Enacted in August 2023, the DPDP Act establishes a unified and nationally applicable framework for the processing of digital personal data in India. It seeks to replace fragmented and sector-specific practices with a consistent approach that applies across industries and organisational sizes.

The Act applies to:

  • Processing of digital personal data within India, and
  • Processing outside India where such data relates to individuals in India.

By adopting a principle-based approach, the legislature has focused on accountability and proportionality, rather than prescriptive compliance checklists. This provides organisations with flexibility in implementation, while placing the responsibility on them to demonstrate that data is handled lawfully and responsibly.

Key Concepts under the DPDP Act

The DPDP Act introduces foundational terms that carry significant governance implications and help clarify roles and responsibilities within the data ecosystem.

  • Data Principal – the individual to whom personal data relates, such as customers, employees, vendors, or users.
  • Data Fiduciary – the entity that determines the purpose and means of processing personal data.

This framework emphasises that organisations act as custodians of personal data, rather than owners. Personal data is therefore held in trust, and organisations are expected to exercise care, transparency, and accountability in how such data is collected, processed, and retained.

Consent and Lawful Processing

Consent forms the primary basis for lawful processing under the DPDP Act. Such consent must be free, specific, informed, and unambiguous, and must relate to a clearly defined and lawful purpose. Importantly, the Act also requires that consent be capable of being withdrawn, reinforcing individual control over personal data.

Although the Act recognises limited circumstances where processing may occur without consent—such as compliance with legal obligations—these situations are narrowly defined. Organisations must therefore design processes that ensure consent is not only obtained properly, but also documented, tracked, and honoured throughout the data lifecycle.

For professionals and organisations, this creates expectations similar to internal control documentation, where consent records, purpose limitation, and withdrawal mechanisms must be demonstrable, auditable, and consistently applied across systems.

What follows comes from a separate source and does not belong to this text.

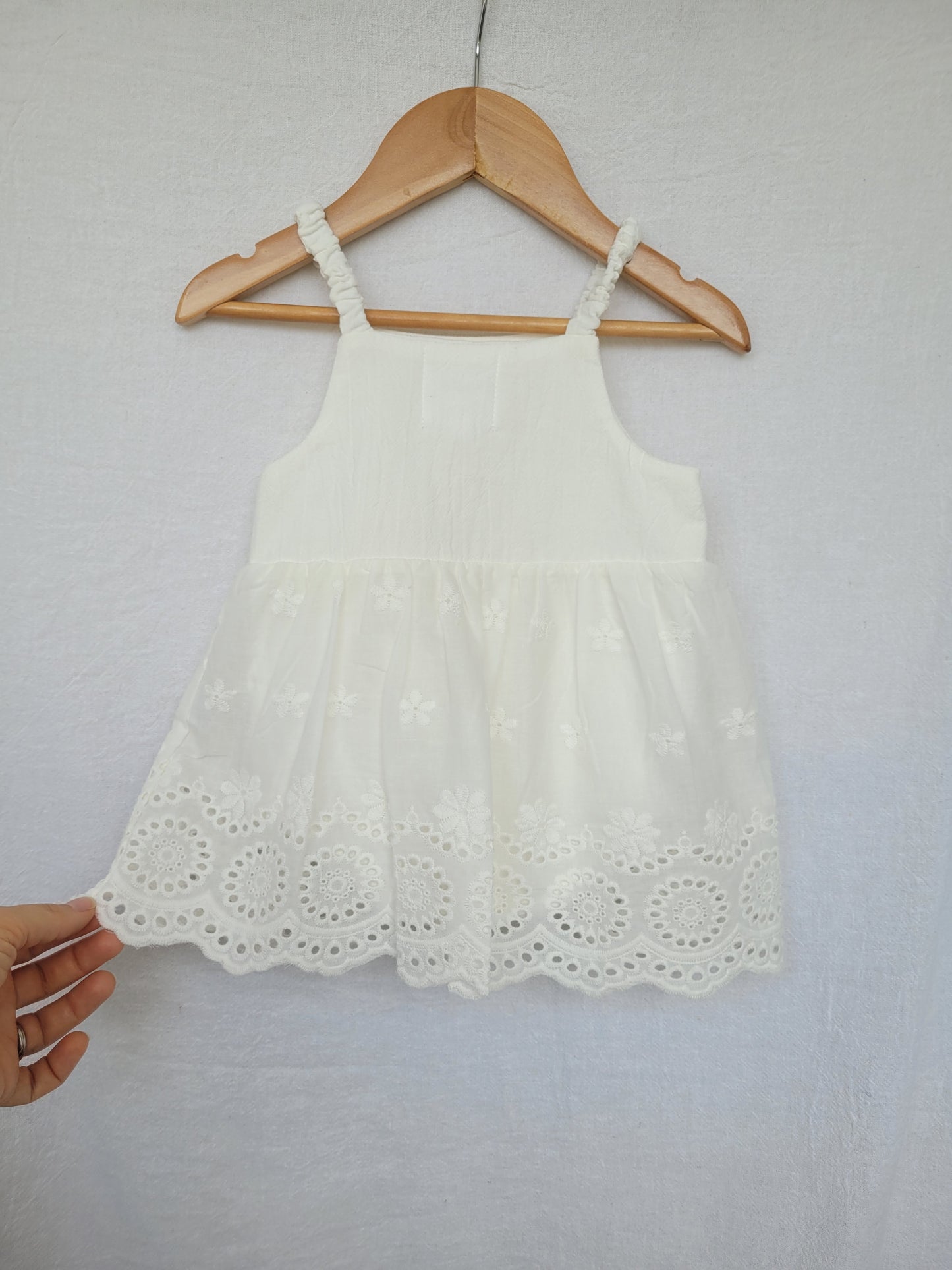 White baby dress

Rights of the Data Principal

The DPDP Act grants enforceable rights to individuals, strengthening their ability to exercise control over their personal data. These include:

  • The right to access information relating to personal data.
  • The right to correction and erasure
  • The right to grievance redressal

These rights impose operational responsibilities on organisations to maintain systems and processes that enable timely responses, ensure data accuracy, and track actions taken. Inadequate handling of such requests may indicate governance and control deficiencies and may also undermine stakeholder trust.

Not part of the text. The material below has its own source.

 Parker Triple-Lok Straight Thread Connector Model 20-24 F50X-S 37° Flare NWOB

Significant Data Fiduciaries

Certain entities may be classified as Significant Data Fiduciaries (SDFs) based on the volume and sensitivity of personal data processed, or the potential risk posed to individuals. This classification reflects the principle that higher-risk data processing should be subject to enhanced safeguards.

SDFs are subject to additional obligations, including the appointment of a Data Protection Officer and the conduct of Data Protection Impact Assessments. These measures are intended to embed privacy considerations into organisational decision-making and to proactively identify and mitigate data-related risks.

This risk-based differentiation aligns with established governance and assurance principles and mirrors global best practices in data protection regulation.

DPDP Act, 2023 and the Role of the Rules Introduced in 2025

While the DPDP Act was enacted in 2023, its implementation is supported by delegated legislation in the form of Rules. In 2025, the Government initiated the issuance of draft Digital Personal Data Protection Rules to operationalise the Act and provide procedural clarity.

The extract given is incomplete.